PRAYING WITH ST TERESA

Jerome Lantry OCD

Teresian Press, 148pp, pbk
ISBN 978 0947916169 £5

ST TERESA

AND THE OUR FATHER

A Catechism of Prayer
Aloyius Rego OCD

Teresian Press, 181pp, pbk
ISBN 978 0947916176 £6

As I am typing the reviews of these two short books, I have in front of me a postcard that was given to me by a Palestinian Christian the first time I went to Bethlehem. On it is printed the words of Lord’s Prayer written in Aramaic, the language that Jesus used.

To all Christians the Lord’s Prayer – the ‘Our Father’ – is the prayer that carries the essence of Jesus’ teaching. It is no wonder, then, that more than half of St Teresa’s masterpiece The Way of Perfection is taken up with reflections on that prayer.

2015 marked the five hundredth anniversary of the birth of St Teresa of Avila. As part of their celebration of this event, the Discalced Carmelite Friars have reissued a revised edition of Praying with St Teresa, and a new book, St Teresa and the Our Father, which is not only an excellent guide to the teachings of St Teresa, but is also a very useful introduction to prayer in its own right.

In Praying with St Teresa, Fr Lantry reminds the reader that St Teresa wrote The Way of Perfection for her Carmelite sisters who asked her for some advice on prayer. Aware that prayer and life are inseparable, St Teresa began by suggesting practical ways in which we too can live out a life of prayer – and not merely by moving our lips when saying the words. Fr Lantry is a pastor first and foremost, and his approach to helping the reader understand St Teresa’s teachings on prayer is impressively practical. He suggests ways in which we can develop the will to pray. These have been put together in a very helpful appendix compiled by the editor, Fr James McCaffrey, called, ‘Praying in the Footsteps of St Teresa’.

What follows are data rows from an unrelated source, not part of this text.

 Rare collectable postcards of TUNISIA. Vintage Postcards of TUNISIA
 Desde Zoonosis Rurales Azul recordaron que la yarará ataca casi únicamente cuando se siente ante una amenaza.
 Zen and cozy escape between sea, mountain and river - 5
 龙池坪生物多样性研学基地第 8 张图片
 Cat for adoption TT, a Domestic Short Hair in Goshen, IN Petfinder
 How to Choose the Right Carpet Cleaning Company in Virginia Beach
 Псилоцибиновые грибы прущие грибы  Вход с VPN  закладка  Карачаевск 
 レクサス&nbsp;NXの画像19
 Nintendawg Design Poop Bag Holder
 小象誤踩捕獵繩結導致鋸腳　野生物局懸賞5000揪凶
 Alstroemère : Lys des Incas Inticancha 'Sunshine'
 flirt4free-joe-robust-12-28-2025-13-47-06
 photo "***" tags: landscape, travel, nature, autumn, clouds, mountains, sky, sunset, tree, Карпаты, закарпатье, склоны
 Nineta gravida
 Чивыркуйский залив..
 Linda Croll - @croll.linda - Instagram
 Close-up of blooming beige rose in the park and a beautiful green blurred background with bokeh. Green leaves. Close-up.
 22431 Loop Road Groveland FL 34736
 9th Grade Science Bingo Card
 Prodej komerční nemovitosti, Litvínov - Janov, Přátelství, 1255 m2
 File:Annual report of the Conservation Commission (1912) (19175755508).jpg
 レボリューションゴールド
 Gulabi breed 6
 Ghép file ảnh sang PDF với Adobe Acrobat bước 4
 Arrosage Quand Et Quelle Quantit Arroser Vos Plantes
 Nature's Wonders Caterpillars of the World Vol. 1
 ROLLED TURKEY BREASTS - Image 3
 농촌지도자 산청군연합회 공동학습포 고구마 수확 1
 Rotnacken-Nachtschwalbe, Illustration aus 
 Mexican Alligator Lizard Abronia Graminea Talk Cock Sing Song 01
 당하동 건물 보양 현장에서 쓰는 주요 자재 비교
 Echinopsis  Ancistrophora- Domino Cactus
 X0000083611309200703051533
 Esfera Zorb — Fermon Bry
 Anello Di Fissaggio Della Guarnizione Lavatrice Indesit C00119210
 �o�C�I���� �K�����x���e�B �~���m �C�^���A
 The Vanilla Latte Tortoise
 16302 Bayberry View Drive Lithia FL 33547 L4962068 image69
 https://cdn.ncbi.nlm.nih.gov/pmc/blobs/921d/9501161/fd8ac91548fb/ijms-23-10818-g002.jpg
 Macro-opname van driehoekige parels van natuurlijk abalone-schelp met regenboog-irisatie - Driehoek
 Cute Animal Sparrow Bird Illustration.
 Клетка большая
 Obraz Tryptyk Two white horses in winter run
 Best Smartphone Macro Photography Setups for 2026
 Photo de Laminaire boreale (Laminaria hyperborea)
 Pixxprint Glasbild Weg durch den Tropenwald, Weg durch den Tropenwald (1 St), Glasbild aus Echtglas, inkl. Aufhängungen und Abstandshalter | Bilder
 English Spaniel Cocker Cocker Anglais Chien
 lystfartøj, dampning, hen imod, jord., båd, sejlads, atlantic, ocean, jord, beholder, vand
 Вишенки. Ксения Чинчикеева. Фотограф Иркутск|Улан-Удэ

St Teresa and the Our Father expands on this practical theme. Fr Rego examines how St Teresa takes the headings of each petition in the prayer and helps the reader to explore how each of them can be taken into the heart and daily life. For example, the notion of ‘Heaven’ – as in the words ‘who art in heaven’ – does not apply solely to the afterlife, but to the ‘little heaven of our soul’ where God dwells already. Our task is to reflect each day on how we are to be more conscious, in our thoughts and actions, of how God’s ‘heaven’ can be found in us.

Another very helpful section of this book is where the difficult petition ‘lead us not into temptation’ is explored. Fr Rego shows us how St Teresa identifies two types of enemy that bring temptation to us: the obvious things and people she calls the ‘public enemies’; and the ‘devils who disguise themselves as angels of light’ – ‘traitorous enemies’ – who are in many ways the more dangerous to our souls.

These two books will yield much to those who are already familiar with St Teresa’s work, and also to those who have yet to discover her spiritual teachings.